Servizi
Contatti

Eventi


Con il ricordo ancora vivo dei bellissimi versi intrisi di un amore totale, di storia intima aperta a un riscontro più ampio del senso della vita, apparsi in Per una manciata d'amore (ed.Libroitaliano,2002) sono accostato con curiosità a questo Albicocche per miei ospiti (al suggestivo e significativo perchè di un tale titolo rimando alla nota  a fondo libro).

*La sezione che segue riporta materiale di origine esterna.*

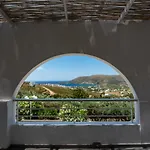 Kymothoi Rooms & Pool Bar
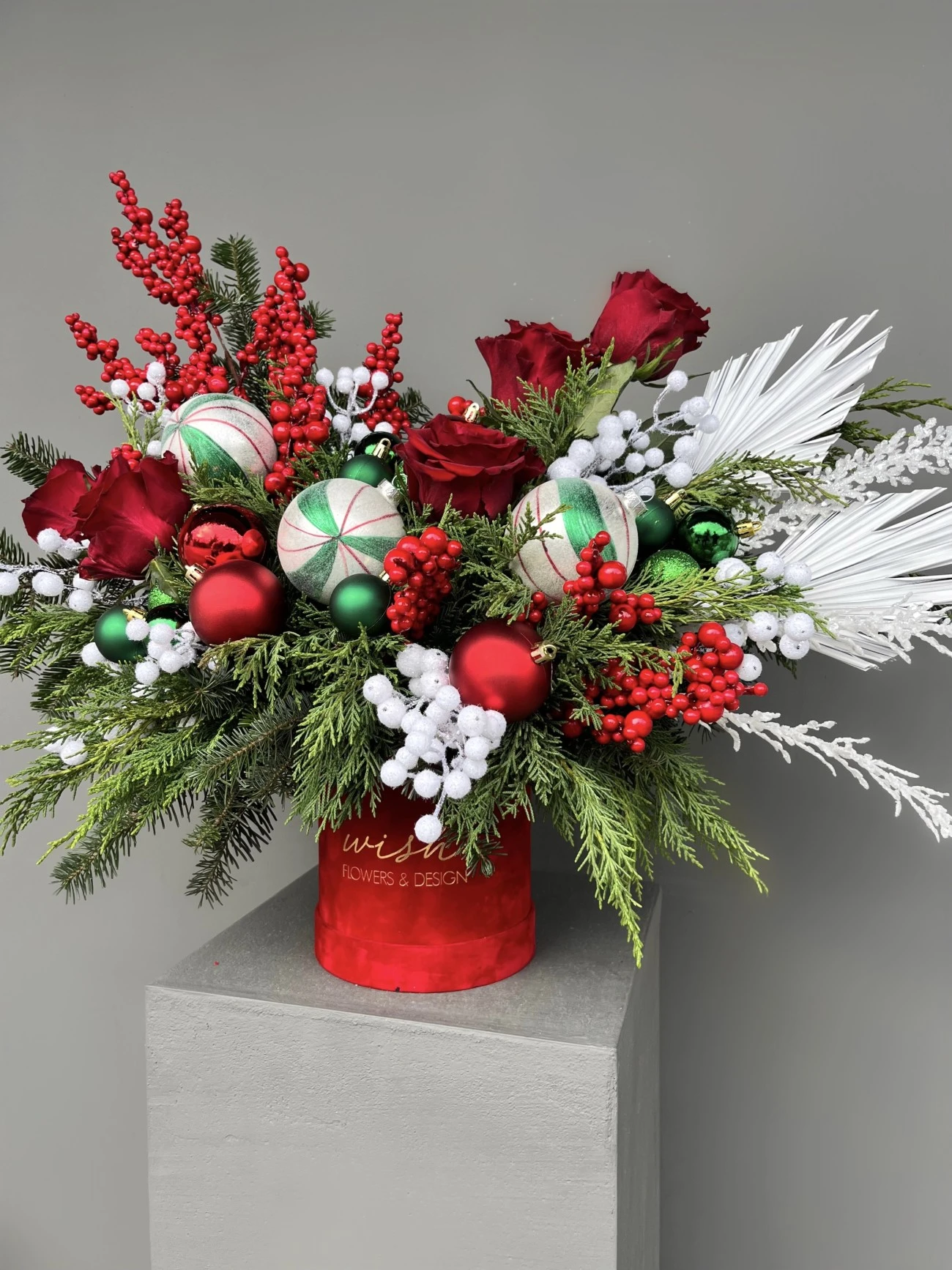 Jingle Bloom Kırmızı Kadife Kutuda Yılbaşı Aranjmanı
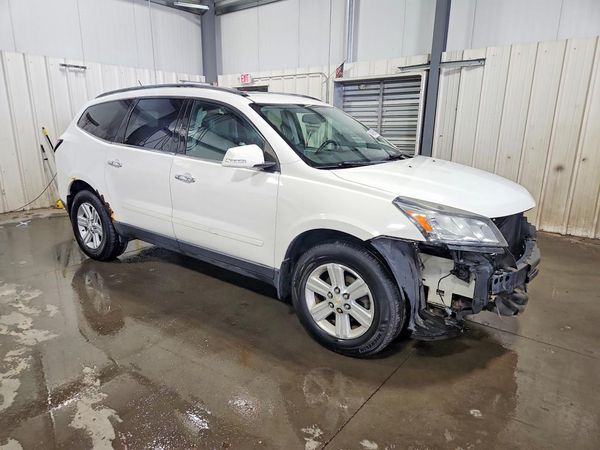 2013 CHEVROLET TRAVERSE 2LT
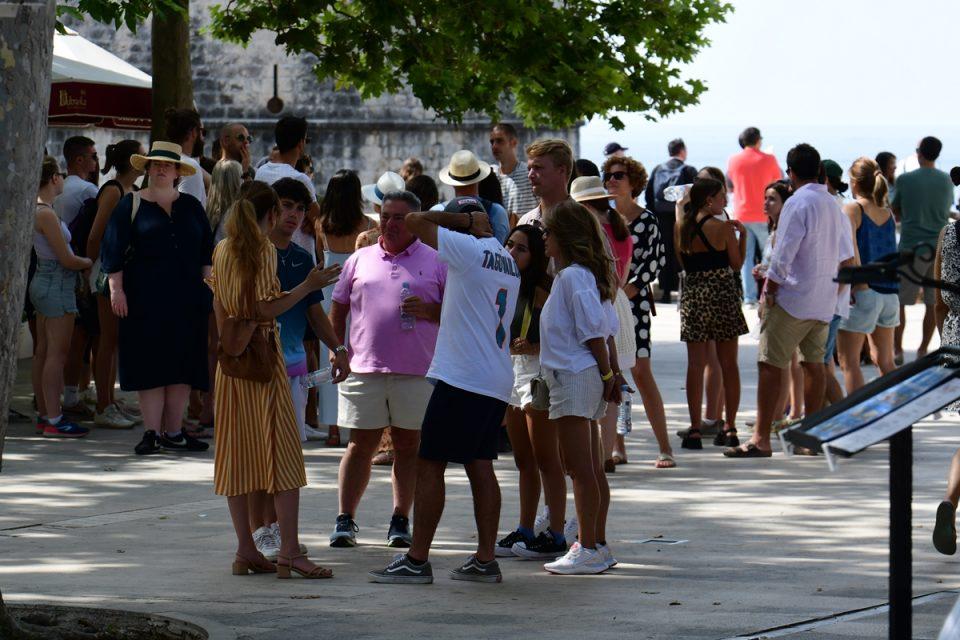 Crnogorci se pohvalili kako imaju više turista nego Hrvatska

Qui, Manuela Bellodi, ha deliberatamente e con gioia scelto una singolare ricognizione nel mondo della natura, intuendo-anche a fronte di una precisa sensibilità femminile-come la natura si presti a una osservazione umana correlata a una comunicazione con gli strumenti del linguaggio.Quando il profumo dei fiori di tiglio le fa dire :"hai spezzato il digiuno | spazzato via la noia | colmando un vuoto | altrimenti incolmabile | di gioia |... E' il pensiero di te | mia libertà | e sapienza", significa che l'apparente finzione trasuda sensazioni  che altrimenti giacerebbero nei sentimenti più profondi e segreti dell'animo.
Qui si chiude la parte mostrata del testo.